Wednesday, December 18, 2013

Fed will cut bond purchases by $10B in January. Next the rates are going to go up and soon . 5% will be the new 4%

NEW YORK -- U.S. stocks soared even though the Federal Reserve announced that it would begin dialing back on its market-friendly bond-buying program in January, a decision that marks the start of a long-awaited shift back to more normalized monetary policy.
The Dow Jones industrial average surged more than 200 points after the Fed decision, as markets were soothed by the Fed's dovish comments overall, which suggests a still-easy Fed going forward.
The Standard & Poor's 500 index jumped 19 points to 1,800 and the Nasdaq composite index added 18 points to 4,042.
The Fed said it would reduce its current $85 billion in monthly purchases of Treasury bonds and mortgage-backed bonds slowly, trimming its purchases by a total of $10 billion per month. They said they would trim purchases of Treasuries by $5 billion per month, and mortgage-backed bonds by $5 billion, too.
More important, the Fed said it would keep short-rates low "well after" the unemployment rate, now 7%, hit 6.5%, which was a change in guidance that points to longer policy accomodation from the Fed.
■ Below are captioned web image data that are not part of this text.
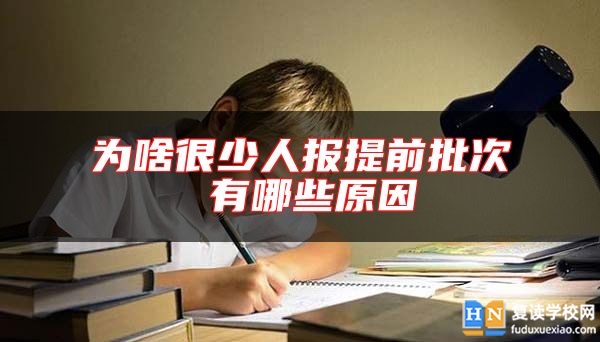 為啥很少人報(bào)提前批次 有哪些原因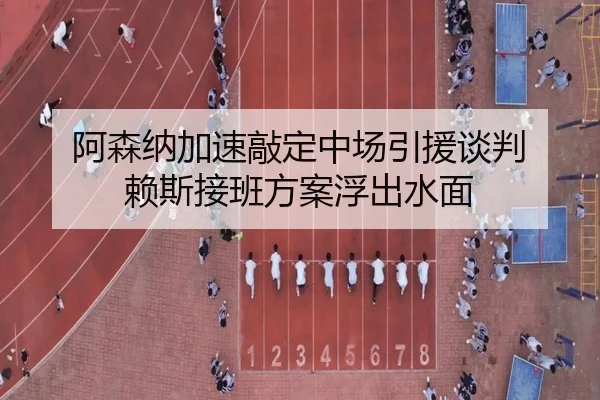 阿森纳加速敲定中场引援谈判 赖斯接班方案浮出水面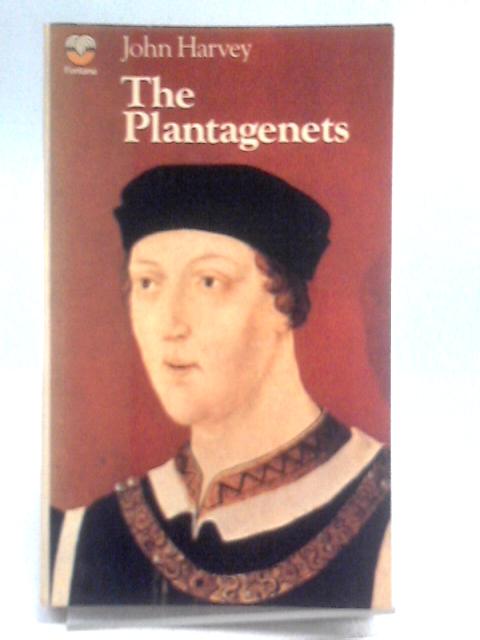 The Plantagenets von John Harvey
The Fed's move was dubbed "Taper Lite," by Thomas Tzitzouris, an analyst at Strategas Research Partners.
In a statement, in explaining its decision, the Fed said it "sees improvement in economic activity and labor market conditions" that are consistent with growing underlying strength in the broader economy." It also said it would continue to monitor incoming economic data and continue its asset purchases "until the outlook for the labor market has improved substantially."

The Fed also stressed that it would continue to reduce asset purchases in "measured steps" if the job market continues to heal and inflation starts to move closer to 2%. Tapering, the Fed stressed, is not on a "preset course."
In explaining the market's positive response to what was viewed as a market negative, Paul Hickey, co-founder of Bespoke Investment Group said: "The market has been cognizant of the fact that this was going to happen at some point in the near future, so now that it has happened it is one less thing to worry about. Additionally, the rest of the statement was dovish as they said that the current rate environment would remain in place even after the unemployment rate dropped below 6.5%."
In the prior session, the Dow declined 0.1% to 15,875.26. The Nasdaq composite edged lower 0.1% to 4,023. 68. The S&P 500 dipped 0.3% to 1,781.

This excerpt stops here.